I am working on a Kafka Streams application built with Spring Cloud Stream. In this application I need to:
- Consume a continuous stream of messages that can be retrieved at a later time.
- Persist a list of the message IDs matching some criteria.
- In a separate thread, run a scheduler which reads out the message IDs at a regular interval, retrieve the corresponding messages that match those IDs, and perform an action with those messages.
- Remove the processed message IDs from the list so that work is not duplicated.
I have considered implementing this as follows:
- Consume the incoming stream of messages as a materialized KTable so that I can look up and retrieve messages by key at a later time.
- Materialize the list of message IDs in another state store.

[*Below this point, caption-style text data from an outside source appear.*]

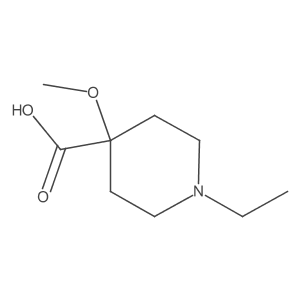 1545636-22-3结构式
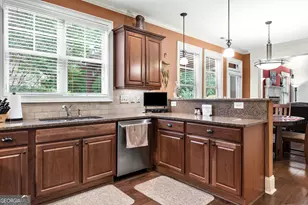 10 Ashville Pl, Newnan, GA 30265 - Photo 16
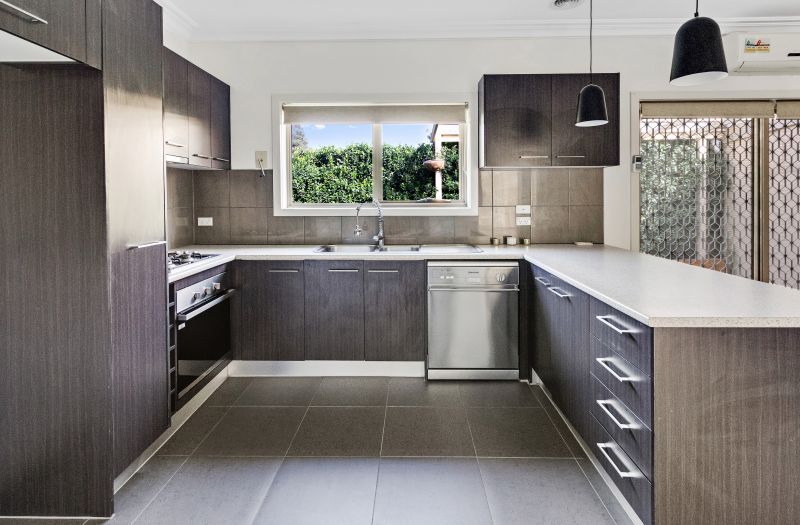 37A Harmer Street, Reservoir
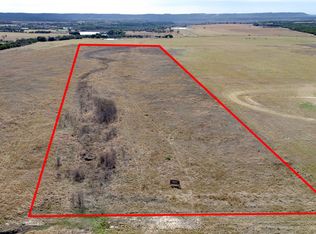 12521 Sue Ln, Godley, TX 76044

- Use Spring's scheduling mechanism to run a separate thread which reads from the state store via the
InteractiveQueryService
bean.
The problem I hit is that the InteractiveQueryService
provides read-only access to the state store, so I cannot remove entries in the other thread. I have decided not to use Kafka Stream's punctuate capability since the semantics are different; my scheduling thread must always run at a regular interval, irrespective of the processing of the inbound messages.
Another alternative might be to use the low-level Processor API, and pass a reference to the writable state store to my scheduler thread. I will need to synchronize on write operations. But I'm not sure if this is do-able or if there are other constraints when accessing the state store like this from a separate thread.
Any input or advice would be appreciated!